### What this task involves
Each line of the listing below, from the very first to the one that contains "1 * Rückenlehne", is to be retyped exactly as it stands.

### Data excerpts
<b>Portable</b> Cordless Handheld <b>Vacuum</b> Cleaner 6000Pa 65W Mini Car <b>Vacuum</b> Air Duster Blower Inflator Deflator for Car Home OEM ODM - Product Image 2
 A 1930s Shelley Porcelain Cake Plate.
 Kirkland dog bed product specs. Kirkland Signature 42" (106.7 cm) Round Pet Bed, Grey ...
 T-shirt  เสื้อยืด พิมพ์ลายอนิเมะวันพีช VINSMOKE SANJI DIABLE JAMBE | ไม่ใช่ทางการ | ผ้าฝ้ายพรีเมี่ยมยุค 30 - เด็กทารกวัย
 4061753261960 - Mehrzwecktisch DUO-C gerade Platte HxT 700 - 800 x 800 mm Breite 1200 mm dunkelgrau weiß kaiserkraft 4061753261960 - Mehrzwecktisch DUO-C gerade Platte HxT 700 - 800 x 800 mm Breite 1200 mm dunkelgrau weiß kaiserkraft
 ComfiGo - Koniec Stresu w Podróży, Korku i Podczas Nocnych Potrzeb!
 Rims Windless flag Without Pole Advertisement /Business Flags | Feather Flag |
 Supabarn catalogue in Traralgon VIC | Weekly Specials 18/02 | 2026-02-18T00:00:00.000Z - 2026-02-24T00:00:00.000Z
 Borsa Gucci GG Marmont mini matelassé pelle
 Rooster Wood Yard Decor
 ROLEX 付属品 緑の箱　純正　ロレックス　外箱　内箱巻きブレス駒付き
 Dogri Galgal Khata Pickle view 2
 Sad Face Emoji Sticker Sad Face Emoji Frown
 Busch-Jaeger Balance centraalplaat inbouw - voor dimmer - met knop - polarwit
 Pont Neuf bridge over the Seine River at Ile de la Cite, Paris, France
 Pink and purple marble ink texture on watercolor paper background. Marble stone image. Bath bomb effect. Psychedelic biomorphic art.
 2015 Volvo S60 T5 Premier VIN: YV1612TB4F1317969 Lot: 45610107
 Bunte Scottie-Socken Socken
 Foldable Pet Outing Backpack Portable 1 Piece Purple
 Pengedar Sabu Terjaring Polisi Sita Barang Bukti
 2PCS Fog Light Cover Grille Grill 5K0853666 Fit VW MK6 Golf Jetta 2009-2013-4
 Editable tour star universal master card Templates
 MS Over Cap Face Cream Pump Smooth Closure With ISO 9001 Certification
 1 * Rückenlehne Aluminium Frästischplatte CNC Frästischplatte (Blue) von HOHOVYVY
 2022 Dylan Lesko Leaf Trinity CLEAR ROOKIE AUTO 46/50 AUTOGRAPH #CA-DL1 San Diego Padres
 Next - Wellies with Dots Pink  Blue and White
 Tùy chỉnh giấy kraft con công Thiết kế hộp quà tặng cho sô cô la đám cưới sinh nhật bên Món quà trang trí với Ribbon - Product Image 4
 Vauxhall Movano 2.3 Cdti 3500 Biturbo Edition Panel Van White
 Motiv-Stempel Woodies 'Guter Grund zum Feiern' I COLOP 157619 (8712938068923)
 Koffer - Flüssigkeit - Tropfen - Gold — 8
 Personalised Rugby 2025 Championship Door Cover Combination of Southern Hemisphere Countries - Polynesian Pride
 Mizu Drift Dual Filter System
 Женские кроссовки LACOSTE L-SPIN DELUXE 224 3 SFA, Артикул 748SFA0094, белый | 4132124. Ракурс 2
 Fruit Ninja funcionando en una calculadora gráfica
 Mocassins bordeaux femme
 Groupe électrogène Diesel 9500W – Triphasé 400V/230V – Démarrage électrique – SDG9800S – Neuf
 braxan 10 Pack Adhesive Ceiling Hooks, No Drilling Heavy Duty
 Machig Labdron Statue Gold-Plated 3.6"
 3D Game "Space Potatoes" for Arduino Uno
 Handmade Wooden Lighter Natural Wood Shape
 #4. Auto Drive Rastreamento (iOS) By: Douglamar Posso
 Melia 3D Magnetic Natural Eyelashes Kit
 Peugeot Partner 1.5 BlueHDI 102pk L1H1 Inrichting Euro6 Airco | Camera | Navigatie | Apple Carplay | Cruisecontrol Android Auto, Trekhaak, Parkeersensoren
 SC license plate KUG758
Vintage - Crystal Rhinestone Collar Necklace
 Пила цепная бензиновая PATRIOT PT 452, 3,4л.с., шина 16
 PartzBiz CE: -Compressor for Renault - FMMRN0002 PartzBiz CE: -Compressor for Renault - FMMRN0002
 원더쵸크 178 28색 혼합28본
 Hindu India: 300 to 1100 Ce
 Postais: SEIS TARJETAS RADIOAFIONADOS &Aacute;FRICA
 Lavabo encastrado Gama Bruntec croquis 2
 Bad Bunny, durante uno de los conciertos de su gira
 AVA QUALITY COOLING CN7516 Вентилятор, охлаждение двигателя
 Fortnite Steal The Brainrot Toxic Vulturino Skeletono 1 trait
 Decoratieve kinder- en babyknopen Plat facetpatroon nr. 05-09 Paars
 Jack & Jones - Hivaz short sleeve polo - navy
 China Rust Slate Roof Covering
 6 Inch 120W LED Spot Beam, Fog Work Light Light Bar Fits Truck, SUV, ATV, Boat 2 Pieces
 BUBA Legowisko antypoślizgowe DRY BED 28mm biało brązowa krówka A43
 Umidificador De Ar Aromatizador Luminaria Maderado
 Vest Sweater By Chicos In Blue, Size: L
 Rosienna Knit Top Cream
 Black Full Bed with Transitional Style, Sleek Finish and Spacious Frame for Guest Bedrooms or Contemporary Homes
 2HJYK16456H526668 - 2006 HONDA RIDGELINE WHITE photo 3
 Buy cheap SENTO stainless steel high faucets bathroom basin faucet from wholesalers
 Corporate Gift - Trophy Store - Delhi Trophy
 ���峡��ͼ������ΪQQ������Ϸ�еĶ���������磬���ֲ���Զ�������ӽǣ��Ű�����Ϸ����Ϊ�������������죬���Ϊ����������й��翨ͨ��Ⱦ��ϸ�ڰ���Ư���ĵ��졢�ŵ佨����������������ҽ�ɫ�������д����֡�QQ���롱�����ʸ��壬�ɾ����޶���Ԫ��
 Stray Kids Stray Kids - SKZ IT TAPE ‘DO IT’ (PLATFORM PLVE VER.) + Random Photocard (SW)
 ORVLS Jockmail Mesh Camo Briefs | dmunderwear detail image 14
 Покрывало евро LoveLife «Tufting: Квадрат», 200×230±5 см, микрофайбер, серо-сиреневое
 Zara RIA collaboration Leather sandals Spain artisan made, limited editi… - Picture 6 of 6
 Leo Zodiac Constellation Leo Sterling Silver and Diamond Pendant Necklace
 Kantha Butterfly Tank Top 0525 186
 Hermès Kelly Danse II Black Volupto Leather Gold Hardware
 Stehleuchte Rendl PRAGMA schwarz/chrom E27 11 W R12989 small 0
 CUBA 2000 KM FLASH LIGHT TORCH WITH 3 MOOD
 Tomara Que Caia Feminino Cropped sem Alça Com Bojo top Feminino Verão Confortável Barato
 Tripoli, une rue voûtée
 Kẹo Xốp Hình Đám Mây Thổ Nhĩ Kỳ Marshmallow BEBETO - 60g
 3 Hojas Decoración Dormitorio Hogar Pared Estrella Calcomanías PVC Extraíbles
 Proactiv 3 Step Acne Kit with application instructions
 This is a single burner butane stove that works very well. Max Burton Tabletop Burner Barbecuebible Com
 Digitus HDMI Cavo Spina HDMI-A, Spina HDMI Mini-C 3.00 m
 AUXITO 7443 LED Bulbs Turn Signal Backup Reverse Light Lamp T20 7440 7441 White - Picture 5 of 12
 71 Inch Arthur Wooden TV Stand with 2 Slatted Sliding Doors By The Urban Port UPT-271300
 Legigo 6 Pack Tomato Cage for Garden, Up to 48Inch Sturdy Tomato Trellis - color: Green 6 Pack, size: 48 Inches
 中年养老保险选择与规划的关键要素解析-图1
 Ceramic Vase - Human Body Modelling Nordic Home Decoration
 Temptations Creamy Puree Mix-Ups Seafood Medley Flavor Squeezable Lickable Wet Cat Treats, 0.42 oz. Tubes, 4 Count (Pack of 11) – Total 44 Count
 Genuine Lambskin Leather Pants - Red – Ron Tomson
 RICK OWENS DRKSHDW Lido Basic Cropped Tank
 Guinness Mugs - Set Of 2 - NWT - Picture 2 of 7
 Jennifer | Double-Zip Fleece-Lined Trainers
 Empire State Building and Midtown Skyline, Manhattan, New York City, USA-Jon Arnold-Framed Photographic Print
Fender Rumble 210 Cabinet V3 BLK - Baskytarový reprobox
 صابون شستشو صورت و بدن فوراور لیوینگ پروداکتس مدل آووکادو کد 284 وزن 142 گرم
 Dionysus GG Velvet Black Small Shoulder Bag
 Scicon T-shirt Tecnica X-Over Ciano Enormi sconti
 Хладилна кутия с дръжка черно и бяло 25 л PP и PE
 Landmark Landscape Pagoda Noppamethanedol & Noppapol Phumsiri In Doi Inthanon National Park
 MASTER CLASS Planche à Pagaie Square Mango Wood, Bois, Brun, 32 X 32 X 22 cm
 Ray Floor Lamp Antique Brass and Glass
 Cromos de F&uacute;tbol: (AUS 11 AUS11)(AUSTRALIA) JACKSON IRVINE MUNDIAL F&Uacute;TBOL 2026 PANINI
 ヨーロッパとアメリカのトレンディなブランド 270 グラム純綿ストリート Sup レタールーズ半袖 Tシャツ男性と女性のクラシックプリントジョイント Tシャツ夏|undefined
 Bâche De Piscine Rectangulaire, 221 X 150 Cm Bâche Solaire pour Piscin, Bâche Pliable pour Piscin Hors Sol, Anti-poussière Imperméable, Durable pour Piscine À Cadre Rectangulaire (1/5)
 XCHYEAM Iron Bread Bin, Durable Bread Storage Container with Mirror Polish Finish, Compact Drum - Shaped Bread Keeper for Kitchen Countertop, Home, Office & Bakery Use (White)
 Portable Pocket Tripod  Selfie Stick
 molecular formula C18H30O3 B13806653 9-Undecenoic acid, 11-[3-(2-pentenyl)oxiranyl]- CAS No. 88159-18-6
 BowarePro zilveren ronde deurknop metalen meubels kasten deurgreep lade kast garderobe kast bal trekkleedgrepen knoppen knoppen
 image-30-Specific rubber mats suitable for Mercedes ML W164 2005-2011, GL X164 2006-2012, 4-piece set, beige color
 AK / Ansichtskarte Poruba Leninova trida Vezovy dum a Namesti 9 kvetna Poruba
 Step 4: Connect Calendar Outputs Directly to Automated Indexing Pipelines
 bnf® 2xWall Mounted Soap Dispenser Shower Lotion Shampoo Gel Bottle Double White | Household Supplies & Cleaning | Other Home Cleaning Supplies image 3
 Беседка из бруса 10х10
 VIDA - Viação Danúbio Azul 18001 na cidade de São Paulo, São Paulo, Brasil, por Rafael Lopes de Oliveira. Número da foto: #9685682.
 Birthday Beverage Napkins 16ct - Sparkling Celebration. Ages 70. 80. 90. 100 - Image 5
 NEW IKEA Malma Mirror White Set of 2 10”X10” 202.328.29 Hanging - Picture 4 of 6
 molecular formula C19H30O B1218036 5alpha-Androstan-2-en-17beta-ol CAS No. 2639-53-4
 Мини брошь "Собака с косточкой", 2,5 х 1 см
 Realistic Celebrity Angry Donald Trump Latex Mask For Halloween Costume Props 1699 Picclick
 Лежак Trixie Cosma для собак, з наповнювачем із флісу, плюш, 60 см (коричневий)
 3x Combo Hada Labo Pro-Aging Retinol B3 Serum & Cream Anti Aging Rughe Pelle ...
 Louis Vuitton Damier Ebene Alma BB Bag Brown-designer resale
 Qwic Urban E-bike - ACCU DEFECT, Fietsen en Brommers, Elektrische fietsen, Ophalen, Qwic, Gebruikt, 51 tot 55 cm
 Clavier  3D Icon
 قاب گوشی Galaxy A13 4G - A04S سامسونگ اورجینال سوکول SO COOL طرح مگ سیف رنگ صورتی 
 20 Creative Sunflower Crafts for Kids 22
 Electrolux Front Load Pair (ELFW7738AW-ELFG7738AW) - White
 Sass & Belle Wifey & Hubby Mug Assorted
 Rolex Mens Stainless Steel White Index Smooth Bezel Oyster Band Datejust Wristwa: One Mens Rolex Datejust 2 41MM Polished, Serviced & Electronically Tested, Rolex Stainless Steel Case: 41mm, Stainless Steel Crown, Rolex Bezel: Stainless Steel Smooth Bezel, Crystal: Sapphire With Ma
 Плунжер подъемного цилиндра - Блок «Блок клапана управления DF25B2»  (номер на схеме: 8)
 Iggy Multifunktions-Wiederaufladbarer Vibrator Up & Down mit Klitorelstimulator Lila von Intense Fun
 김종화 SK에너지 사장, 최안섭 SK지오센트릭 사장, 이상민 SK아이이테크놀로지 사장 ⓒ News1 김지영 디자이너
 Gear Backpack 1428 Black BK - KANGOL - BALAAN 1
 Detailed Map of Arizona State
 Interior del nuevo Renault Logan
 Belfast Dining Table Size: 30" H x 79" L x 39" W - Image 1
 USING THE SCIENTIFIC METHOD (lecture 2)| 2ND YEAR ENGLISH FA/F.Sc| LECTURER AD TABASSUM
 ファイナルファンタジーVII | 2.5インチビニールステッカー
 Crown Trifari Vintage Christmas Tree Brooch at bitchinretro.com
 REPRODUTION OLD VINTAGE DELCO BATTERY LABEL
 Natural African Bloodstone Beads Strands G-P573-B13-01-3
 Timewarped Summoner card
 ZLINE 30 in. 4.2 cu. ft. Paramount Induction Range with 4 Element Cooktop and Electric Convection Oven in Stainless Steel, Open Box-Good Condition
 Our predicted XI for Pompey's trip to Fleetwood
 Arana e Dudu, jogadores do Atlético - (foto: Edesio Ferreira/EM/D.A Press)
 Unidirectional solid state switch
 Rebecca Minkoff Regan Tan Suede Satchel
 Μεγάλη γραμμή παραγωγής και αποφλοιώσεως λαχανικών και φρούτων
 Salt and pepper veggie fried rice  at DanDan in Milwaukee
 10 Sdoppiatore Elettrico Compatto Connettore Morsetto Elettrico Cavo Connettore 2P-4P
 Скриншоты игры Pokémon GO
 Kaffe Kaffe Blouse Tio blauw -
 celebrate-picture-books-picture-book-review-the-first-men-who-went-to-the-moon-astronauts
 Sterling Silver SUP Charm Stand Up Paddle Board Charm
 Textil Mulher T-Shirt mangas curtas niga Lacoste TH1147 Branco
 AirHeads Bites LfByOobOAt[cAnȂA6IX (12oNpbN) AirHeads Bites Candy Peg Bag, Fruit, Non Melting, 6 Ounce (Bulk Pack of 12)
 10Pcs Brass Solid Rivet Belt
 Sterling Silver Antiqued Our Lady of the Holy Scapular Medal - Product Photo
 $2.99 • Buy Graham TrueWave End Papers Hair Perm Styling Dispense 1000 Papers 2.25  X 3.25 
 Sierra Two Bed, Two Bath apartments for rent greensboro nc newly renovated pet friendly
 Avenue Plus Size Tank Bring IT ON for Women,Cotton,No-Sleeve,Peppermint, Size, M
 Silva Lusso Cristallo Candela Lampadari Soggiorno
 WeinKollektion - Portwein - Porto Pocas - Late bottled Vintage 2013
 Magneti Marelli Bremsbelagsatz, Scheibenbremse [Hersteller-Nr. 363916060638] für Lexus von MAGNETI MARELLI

### Output
<b>Portable</b> Cordless Handheld <b>Vacuum</b> Cleaner 6000Pa 65W Mini Car <b>Vacuum</b> Air Duster Blower Inflator Deflator for Car Home OEM ODM - Product Image 2
 A 1930s Shelley Porcelain Cake Plate.
 Kirkland dog bed product specs. Kirkland Signature 42" (106.7 cm) Round Pet Bed, Grey ...
 T-shirt  เสื้อยืด พิมพ์ลายอนิเมะวันพีช VINSMOKE SANJI DIABLE JAMBE | ไม่ใช่ทางการ | ผ้าฝ้ายพรีเมี่ยมยุค 30 - เด็กทารกวัย
 4061753261960 - Mehrzwecktisch DUO-C gerade Platte HxT 700 - 800 x 800 mm Breite 1200 mm dunkelgrau weiß kaiserkraft 4061753261960 - Mehrzwecktisch DUO-C gerade Platte HxT 700 - 800 x 800 mm Breite 1200 mm dunkelgrau weiß kaiserkraft
 ComfiGo - Koniec Stresu w Podróży, Korku i Podczas Nocnych Potrzeb!
 Rims Windless flag Without Pole Advertisement /Business Flags | Feather Flag |
 Supabarn catalogue in Traralgon VIC | Weekly Specials 18/02 | 2026-02-18T00:00:00.000Z - 2026-02-24T00:00:00.000Z
 Borsa Gucci GG Marmont mini matelassé pelle
 Rooster Wood Yard Decor
 ROLEX 付属品 緑の箱　純正　ロレックス　外箱　内箱巻きブレス駒付き
 Dogri Galgal Khata Pickle view 2
 Sad Face Emoji Sticker Sad Face Emoji Frown
 Busch-Jaeger Balance centraalplaat inbouw - voor dimmer - met knop - polarwit
 Pont Neuf bridge over the Seine River at Ile de la Cite, Paris, France
 Pink and purple marble ink texture on watercolor paper background. Marble stone image. Bath bomb effect. Psychedelic biomorphic art.
 2015 Volvo S60 T5 Premier VIN: YV1612TB4F1317969 Lot: 45610107
 Bunte Scottie-Socken Socken
 Foldable Pet Outing Backpack Portable 1 Piece Purple
 Pengedar Sabu Terjaring Polisi Sita Barang Bukti
 2PCS Fog Light Cover Grille Grill 5K0853666 Fit VW MK6 Golf Jetta 2009-2013-4
 Editable tour star universal master card Templates
 MS Over Cap Face Cream Pump Smooth Closure With ISO 9001 Certification
 1 * Rückenlehne Aluminium Frästischplatte CNC Frästischplatte (Blue) von HOHOVYVY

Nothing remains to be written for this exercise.